La première chose qui m’a ravie, c’est la littérarité et les jeux intertextuels qui innervent ce roman. La mention du poème de Goethe Erlkönig est rapide et précise. De nombreux éléments du récit font écho au poème et créent une strate de sens supplémentaire, ajoutant une atmosphère fantastique délicieusement glaçante. Comme j’adore ce poème de Goethe – que j’ai plaisir à étudier avec mes élèves en allemand et en français – cela a fait naître de grandes attentes en moi et j’attendais clairement l’auteur au tournant, saluant l’idée originale et craignant tout à la fois d’être déçue. Force est de reconnaître que le tour de force ne réside pas seulement dans l’intertextualité parfaitement maîtrisée. L’auteur nous prend à contrecourant. Il nous entraîne sur une piste, semble nous donner des réponses (même si les aveux de Sandrine m’ont fait tiquer par leur rapidité), puis nous ramène à notre point de départ avec une ironie terrible, avant de nous submerger par d’autres révélations, ne nous assénant le coup de grâce que dans le dernier chapitre. Ainsi, nous sommes ballottés sur les flots d’une mer orageuse qui se fait mer d’huile le temps de nous duper, et nous laisse à la fin de la lecture, échoués sur le rivage, essoufflés et pantelants, étourdis par tant d’informations et de renversements. Je suis donc enchantée par ce thriller, vous l’aurez compris. Le récit a su m’embarquer et me déconcerter juste ce qu’il faut pour attiser ma curiosité et parler à mon cœur et mon esprit.
Le montage romanesque de ce thriller joue grandement dans l’effet sur le lecteur. Nous alternons les chapitres consacrés à Sandrine et ceux consacrés à Suzanne, avant de passer à la deuxième balise puis aux autres. Nous oublions très vite que l’histoire de Sandrine est un récit enchâssé et nous nous abîmons dans les rebondissements et dans le mystère des choses. La structure est donc parfaite pour nous induire en erreur et pour nous tenir en haleine, alternant des phases de doutes, de formulation d’hypothèses et de frustration. Cela permet de rendre le récit bluffant de complexité. Le montage est fin et précis, chaque infime détail compte pour nous emporter et nous dérouter. De plus, lorsque nous croyons enfin atteindre la vérité, chaque révélation est plus terrible que la précédente, mimant une plongée par strate dans l’horreur. Cette progressivité dans le drame joue avec nos nerfs et participe du suspense intenable parcourant le livre.
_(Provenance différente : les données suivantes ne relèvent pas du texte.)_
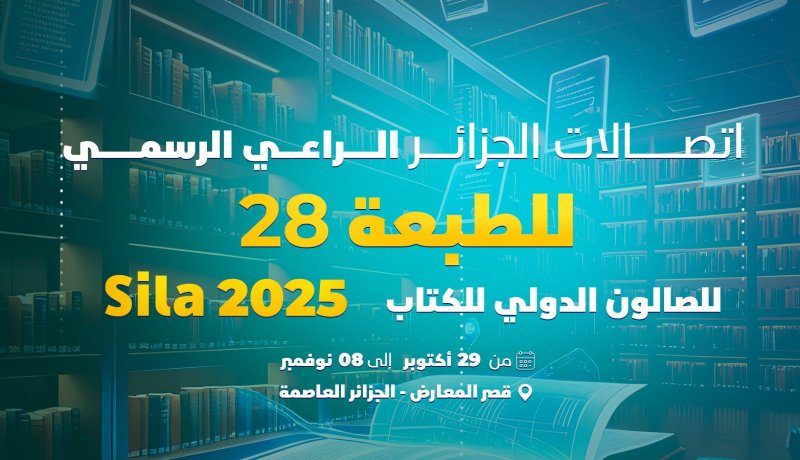 سيلا 2025.. اتصالات الجزائر الراعي الرسمي للصالون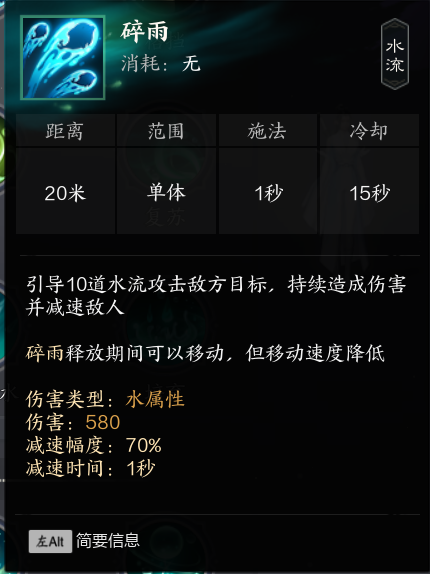 灵汐奶人手法,诛仙世界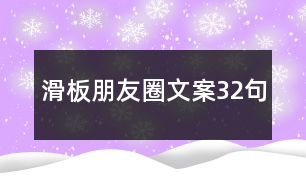 滑板朋友圈文案32句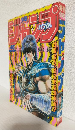 週刊少年ジャンプ (1984年 No.46)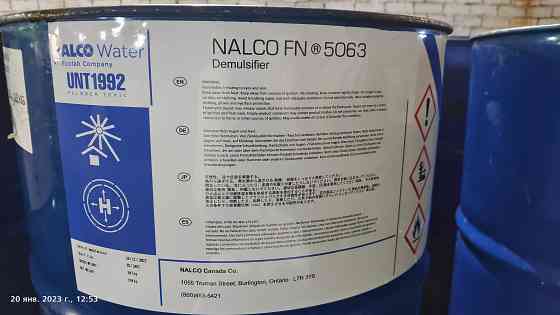 Продам деэмульгаторы NALCO FN 5063, DN-4000, РАНДЕМ 2206, BASF DB 9390, Актобе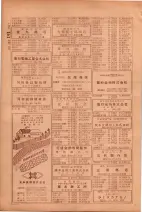昭和26年版大阪電話番号簿 0428ページのサムネイル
Les êtres qui peuplent ce livre sont tous comme des ombres dont nous ne découvrons la vraie image qu’à la fin. L’énigmatique Sandrine, victime ou bourreau, Damien, le policier déchiré par ses propres fantômes, Suzanne et ses collègues du camp de vacances, le directeur à la bonhomie presque trop parfaite, Mélanie et sa disparition… Chaque personnage de ce thriller est comme une poupée gigogne que nous croyons connaître pleinement, avant de percevoir une lueur à l’intérieur, avant de creuser puis de voir l’Autre au-dessous, sous la surface de l’eau, avant de nous sentir rassurés, forts de nos conclusions et d’être intrigués en saisissant à l’orée d’une page un nouveau miroitement, intriguant et désespérant, signe de surprises à venir. Rien n’est simple dans ce thriller. Chaque être est facetté pour réfléchir un bref instant une image, qui se fait écran de fumée. Cette caractéristique m’a beaucoup plu.
Ainsi, la complexité de ce thriller m’a séduite. J’ai adoré être ballotée de droite et de gauche, me leurrer, et découvrir à bout de souffle la terrible vérité. La structuration rend ce roman d’une efficacité redoutable et le jeu intertextuel est tout bonnement jubilatoire. Cela a été un bonheur de le découvrir, et nul doute que je lirai d’autres romans de l’auteur.